# TASK TO CARRY OUT
Only an exact copy of the lines beginning at the one that contains "Pre-owned Bla skinn Celine skulderveske" and ending at the last line of the records below counts as the answer.

# EXTRACTED RECORDS

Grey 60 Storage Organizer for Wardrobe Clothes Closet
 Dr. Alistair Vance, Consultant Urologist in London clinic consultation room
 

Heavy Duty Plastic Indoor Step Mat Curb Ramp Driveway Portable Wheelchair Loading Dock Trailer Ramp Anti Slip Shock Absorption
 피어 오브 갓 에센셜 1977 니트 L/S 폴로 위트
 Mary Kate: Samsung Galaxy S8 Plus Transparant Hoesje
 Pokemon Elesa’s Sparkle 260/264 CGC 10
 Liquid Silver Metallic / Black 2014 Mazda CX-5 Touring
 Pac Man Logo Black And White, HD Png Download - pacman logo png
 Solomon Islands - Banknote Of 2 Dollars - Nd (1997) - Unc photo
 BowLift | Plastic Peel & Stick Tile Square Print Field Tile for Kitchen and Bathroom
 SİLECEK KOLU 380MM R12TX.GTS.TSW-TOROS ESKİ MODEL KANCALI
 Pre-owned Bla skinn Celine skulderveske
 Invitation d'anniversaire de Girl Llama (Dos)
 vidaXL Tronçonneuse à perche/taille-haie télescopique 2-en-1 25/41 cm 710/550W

# WRITTEN ANSWER
 Pre-owned Bla skinn Celine skulderveske
 Invitation d'anniversaire de Girl Llama (Dos)
 vidaXL Tronçonneuse à perche/taille-haie télescopique 2-en-1 25/41 cm 710/550W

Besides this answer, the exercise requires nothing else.